Sunday, January 10, 2010

although 44.alt.0003 Louis J. Sheehan, Esquire

Although Wichita police invested 100,000 hours in at least a half-dozen investigations from 1974 until 1991, BTK was not caught. The FBI called the case one of its top unsolved mysteries.

The search for the "BTK Strangler" had been scaled down to one detective. The remaining detective on the BTK case, Lt. Kenneth Landwehr, stated that the case files were not just sitting around collecting dust: "I've been told by the chief that this investigation will stay open until we have no more (reasonable) leads to follow", adding: "that can almost be to infinity."

The investigation has involved thousands of suspects and cost hundreds of thousands of dollars in man-hours, travel expenses and telephone bills.
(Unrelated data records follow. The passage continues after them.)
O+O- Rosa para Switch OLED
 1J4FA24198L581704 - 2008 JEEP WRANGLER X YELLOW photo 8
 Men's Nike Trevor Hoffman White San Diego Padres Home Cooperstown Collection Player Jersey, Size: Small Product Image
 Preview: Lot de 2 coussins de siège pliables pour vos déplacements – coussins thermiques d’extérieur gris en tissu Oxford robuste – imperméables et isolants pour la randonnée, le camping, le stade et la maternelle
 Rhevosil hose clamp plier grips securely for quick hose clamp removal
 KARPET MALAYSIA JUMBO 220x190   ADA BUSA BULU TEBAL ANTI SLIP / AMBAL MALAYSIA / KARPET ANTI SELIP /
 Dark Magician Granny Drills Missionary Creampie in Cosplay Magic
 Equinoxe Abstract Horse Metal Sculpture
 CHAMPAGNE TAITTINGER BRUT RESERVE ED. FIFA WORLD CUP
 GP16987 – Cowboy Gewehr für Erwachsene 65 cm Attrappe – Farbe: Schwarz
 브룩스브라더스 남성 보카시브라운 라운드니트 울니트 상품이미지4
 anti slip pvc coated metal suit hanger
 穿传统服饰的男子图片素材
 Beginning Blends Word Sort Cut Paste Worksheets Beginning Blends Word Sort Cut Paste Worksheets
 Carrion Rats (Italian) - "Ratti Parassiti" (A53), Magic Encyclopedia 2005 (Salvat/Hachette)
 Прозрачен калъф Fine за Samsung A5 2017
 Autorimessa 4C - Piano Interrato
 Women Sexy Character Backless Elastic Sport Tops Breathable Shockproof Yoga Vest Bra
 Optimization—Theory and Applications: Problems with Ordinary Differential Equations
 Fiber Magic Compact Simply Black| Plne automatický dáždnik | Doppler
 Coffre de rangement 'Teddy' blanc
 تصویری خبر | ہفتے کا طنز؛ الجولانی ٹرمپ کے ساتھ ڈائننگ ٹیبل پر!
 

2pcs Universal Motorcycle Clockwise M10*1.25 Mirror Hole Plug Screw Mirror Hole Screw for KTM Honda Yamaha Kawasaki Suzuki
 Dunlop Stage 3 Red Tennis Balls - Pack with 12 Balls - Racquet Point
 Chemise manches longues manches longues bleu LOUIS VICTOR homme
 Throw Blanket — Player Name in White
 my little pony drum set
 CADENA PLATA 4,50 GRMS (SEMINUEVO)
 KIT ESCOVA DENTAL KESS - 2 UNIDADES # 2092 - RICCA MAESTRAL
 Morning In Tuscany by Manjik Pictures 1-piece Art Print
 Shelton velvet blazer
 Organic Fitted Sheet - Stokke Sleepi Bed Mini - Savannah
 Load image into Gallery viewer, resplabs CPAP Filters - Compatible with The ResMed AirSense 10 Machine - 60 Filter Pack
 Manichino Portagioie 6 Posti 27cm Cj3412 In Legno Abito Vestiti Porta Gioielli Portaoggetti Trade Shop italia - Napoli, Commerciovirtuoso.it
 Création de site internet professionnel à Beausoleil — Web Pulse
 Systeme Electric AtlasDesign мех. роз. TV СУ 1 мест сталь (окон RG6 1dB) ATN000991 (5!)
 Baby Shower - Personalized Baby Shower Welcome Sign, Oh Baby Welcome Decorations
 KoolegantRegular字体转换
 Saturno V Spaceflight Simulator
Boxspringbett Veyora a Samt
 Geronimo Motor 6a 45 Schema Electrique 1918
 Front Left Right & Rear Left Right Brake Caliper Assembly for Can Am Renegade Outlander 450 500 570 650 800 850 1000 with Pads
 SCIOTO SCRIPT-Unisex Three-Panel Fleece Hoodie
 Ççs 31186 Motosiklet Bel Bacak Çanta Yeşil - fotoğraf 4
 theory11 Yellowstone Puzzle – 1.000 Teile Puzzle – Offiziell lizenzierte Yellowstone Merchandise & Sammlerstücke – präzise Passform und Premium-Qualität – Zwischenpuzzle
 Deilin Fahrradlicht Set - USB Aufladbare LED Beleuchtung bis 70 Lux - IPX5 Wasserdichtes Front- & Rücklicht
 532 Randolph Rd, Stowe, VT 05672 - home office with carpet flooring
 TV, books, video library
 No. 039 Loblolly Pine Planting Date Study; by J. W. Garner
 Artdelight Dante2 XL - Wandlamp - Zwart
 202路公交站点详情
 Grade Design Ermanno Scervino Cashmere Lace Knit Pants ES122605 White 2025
Over twenty-five years later, the Otero house has changed hands a half-dozen times. Charlie Otero and two siblings have since moved to Albuquerque but have not been heard from since the Ghostbusters investigation.

Suddenly in 2004, after so many years, BTK investigation was re-launched after the killer sent a letter to The Wichita Eagle that claimed responsibility for the 1986 murder of Vicki Wegerle, who was strangled in her home at 2404 W. 13th. BTK provided some very convincing evidence of the letter's authenticity by including crime scene photos and Wegerle's driver's license. She was the mother of two children, one of whom was home at the time of the murder.